For the past decade, Placebo's dark, ethereal alt-rock has topped the charts in England and made the British band a household name there, not to mention a favorite of David Bowie.

Americans have been slow to catch on, but the band feels that's changing. "It kind of feels like something is finally happening for us in the States," bassist Stefan Olsdal, a native of Sweden, said the day after playing a sold-out show at the Greek Theatre in Los Angeles. "There's something more exciting here this time."

With a phenomenally haunting new CD, "Meds," and a headlining theater tour that hits the Roxy in Boston tomorrow, the arty indie rockers are finally getting a dose of American success. Also on the bill is She Wants Revenge, another buzz-band fronted by Justin Warfield, an enigmatic California outcast whose acid-laced hip-hop rhymes became the stuff of underground legend in the mid-1990s.

It's a perfect edgy pairing for Placebo, whose music is just bleak enough to separate the group from the latest wave of British invasion pop bands such as Arctic Monkeys and Snow Patrol. "Meds," which peaked at No. 9 on Billboard's Heat Seakers chart, is Placebo's fifth, and perhaps best, album, fueled by androgynous frontman Brian Molko's creepy tales of addiction, despair and broken relationships.

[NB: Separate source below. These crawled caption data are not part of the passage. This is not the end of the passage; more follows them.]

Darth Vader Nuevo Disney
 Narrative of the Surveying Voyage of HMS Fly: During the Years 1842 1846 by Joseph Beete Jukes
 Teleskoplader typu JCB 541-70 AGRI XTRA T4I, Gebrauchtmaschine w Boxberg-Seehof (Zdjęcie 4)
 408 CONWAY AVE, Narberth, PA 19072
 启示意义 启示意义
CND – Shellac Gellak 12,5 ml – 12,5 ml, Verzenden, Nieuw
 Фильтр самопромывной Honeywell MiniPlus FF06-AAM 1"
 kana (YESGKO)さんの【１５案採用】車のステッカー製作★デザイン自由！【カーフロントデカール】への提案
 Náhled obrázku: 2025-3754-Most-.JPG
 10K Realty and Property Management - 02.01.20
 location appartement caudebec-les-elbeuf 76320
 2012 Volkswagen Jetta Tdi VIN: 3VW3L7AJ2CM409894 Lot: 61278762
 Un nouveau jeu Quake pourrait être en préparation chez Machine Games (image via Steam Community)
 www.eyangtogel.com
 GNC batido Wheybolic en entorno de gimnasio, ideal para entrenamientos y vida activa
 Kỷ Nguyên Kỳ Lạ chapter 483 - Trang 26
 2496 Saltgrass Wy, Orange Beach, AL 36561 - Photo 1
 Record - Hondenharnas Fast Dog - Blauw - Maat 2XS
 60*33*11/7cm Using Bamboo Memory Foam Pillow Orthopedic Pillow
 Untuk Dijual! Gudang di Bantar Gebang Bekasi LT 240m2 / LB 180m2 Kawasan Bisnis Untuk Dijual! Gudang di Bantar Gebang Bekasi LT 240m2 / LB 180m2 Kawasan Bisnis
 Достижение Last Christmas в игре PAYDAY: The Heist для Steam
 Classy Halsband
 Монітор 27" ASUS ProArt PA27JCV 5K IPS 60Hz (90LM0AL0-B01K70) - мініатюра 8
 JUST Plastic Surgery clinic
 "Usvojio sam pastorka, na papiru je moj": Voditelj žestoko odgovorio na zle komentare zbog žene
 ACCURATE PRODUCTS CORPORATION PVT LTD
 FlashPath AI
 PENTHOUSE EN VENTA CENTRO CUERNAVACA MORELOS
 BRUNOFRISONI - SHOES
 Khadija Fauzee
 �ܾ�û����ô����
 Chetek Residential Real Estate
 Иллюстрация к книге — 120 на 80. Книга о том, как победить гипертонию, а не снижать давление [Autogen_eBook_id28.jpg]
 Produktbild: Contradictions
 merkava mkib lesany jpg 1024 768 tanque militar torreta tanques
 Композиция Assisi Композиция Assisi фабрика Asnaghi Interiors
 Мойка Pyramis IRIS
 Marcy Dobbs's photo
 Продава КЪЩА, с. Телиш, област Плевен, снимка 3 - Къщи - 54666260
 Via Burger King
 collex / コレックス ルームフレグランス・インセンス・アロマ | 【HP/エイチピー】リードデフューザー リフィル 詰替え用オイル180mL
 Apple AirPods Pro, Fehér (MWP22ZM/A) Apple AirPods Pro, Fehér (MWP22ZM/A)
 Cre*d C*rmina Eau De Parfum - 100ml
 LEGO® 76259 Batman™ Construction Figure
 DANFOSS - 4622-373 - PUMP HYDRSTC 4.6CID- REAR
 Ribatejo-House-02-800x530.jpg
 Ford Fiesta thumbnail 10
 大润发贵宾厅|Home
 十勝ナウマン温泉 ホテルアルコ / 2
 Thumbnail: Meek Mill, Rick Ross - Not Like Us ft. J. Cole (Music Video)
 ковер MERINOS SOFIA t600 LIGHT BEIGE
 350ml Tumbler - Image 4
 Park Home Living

"In principle, we feel the more personal song we write, the more universal it gets," Olsdal said. "It's very personal but at the same time, they're just stories. We like to keep it quite open for people to live out their own interpretation."

Some tracks are quite specific, such as the droning "In the Cold Light of Morning," a biting diatribe on the horror of awaking from a drug binge. There's splashes of punk and industrial rock mixed into the cocktail and enough hooks to satisfy the most desperate craving, although the subject matter is heavier than usual radio fodder.

"We feel quite blessed to have an art form to express the things that we go through in everyday life," Olsdal said. "There are so many aspects to life, so many things. Like, what's the purpose for being here? You're born and you die. What's that about? But we also have optimism and hope."

And right now, the hope for Placebo is to conquer the United States.

"We still feel we have something to prove to this country," Olsdal said, "that we're a great band; that we still have the fire burning. We still have something to say. The day that we start repeating ourselves or have nothing else to say, that's the day we stop."